Можно понимать по-разному, но я вижу здесь тень смерти, на которую мы обычно не обращаем внимания. Но смерть всегда с нами. Еще я очень люблю хокку Володи, где он описывает прекрасный пейзаж, который намекает на мимолетность, на короткую жизнь. Это очень красиво. Еще я люблю такое его хокку:
Не приземляясь,
Хлопья снега медленно
Летят к востоку.
Это метафора поэта, влюбленного в Восток. Он хорошо знает восточную культуру: не только японскую, но и китайскую, знает дзен и айкидо, прекрасно делает китайскую чайную церемонию.

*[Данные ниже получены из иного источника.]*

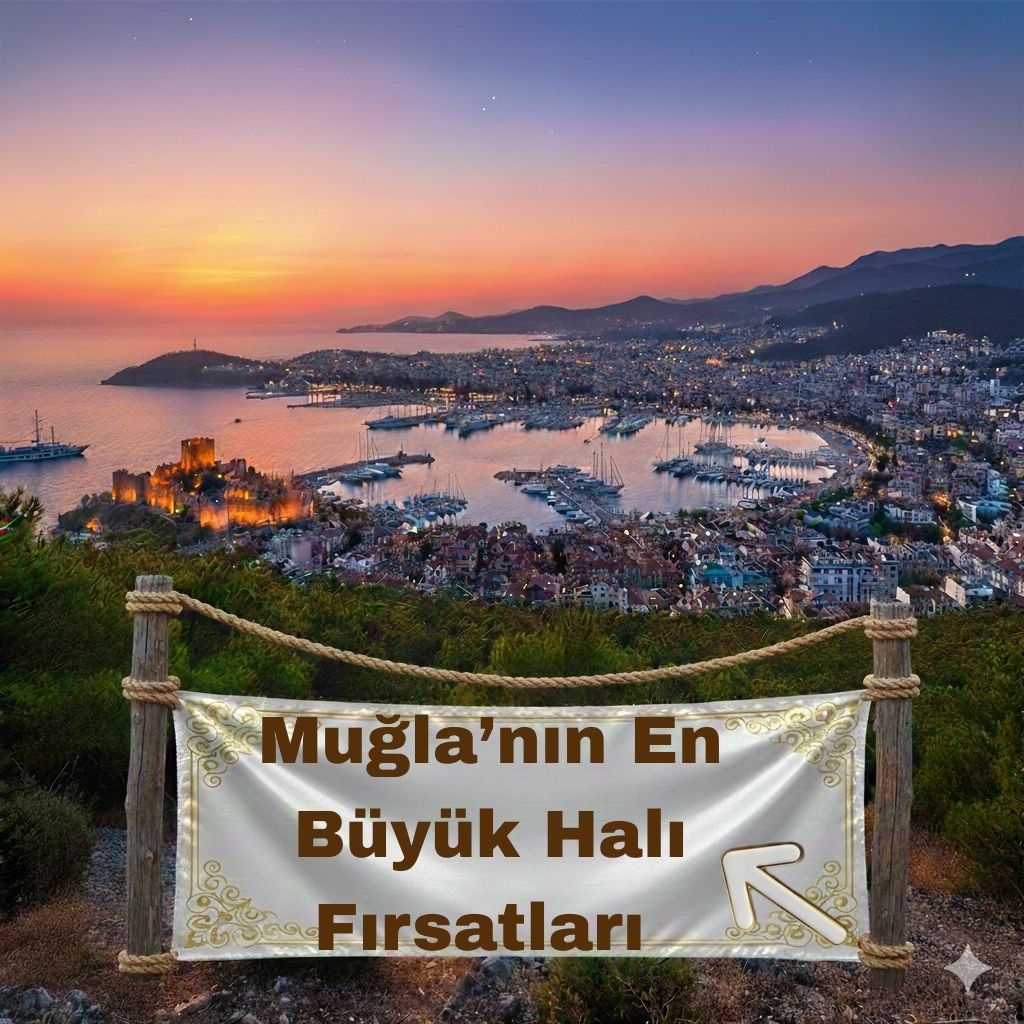 Muğla Fethiye’ye Özel Halı Fırsatları - Ücretsiz Teslimat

Когда я перевела это хокку в Японии, многие японцы тоже подумали так, хотя я им ничего не говорила.
– Кого еще из российских поэтов вы переводили на японский?
– Я перевела стихи Дмитрия Александровича Пригова («Апофеоз милицанера», часть циклов «Ты помнишь, мама», «Моя Россия»). Он познакомил меня с другими поэтами, когда я приехала в Москву. Его переводили также мои друзья и преподаватели Токийского университета. В 1999 году у нас был большой симпозиум по русскому концептуализму. Приехали Илья Кабаков, Пригов и Владимир Сорокин. Для этого симпозиума мы подготовили буклет. Поэты, которых я переводила: Лев Рубинштейн, Всеволод Некрасов (студентам очень понравились его стихи), Генрих Сапгир, Руслан Элинин, Дмитрий Кузьмин, Данила Давыдов, Николай Байтов, Света Литвак, Наталья Осипова, Анна Альчук, Андрей Родионов, Евгения Лавут, Мара Маланова, Константин Рубахин, Михаил Сухотин, Николай Милешкин, Татьяна Грауз, Герман Лукомников, Александр Пономарев, Леонид Тишков, Валерий Леденев. Переводила также Андрея Белого, Александра Блока, много перевела Дмитрия Авалиани, мы хорошо общались, когда он был жив, написала три большие статьи о его поэзии. Я так любила его стихи и его самого.
– Как вы относитесь к творчеству Лукомникова, к игровому стиху? Есть ли в японском языке что-то подобное?
– Да, игровые стихи у нас есть. У поэта Сюнтаро Таникава. Для меня в этой области он самый интересный поэт. Мне более интересны русские игровые стихи. Я думаю, в России всегда жил и сейчас живет дух авангарда. Лукомников и Авалиани совершили интересные авангардные игровые эксперименты. Своими стихами, игровыми и не только, они расширяют стихотворный язык. Игровой стих нравится детям, в том числе психически больным. Герман давно сотрудничает с такими детьми: читает им стихи, а они слушают и рисуют открытки, рисунки на тарелках и чашках. По-моему, стихи Германа помогают детям. В России стихи находятся очень близко к человеку, они всегда с нами. В Японии я так не чувствую это, поэтому мне очень хорошо заниматься там русской поэзией.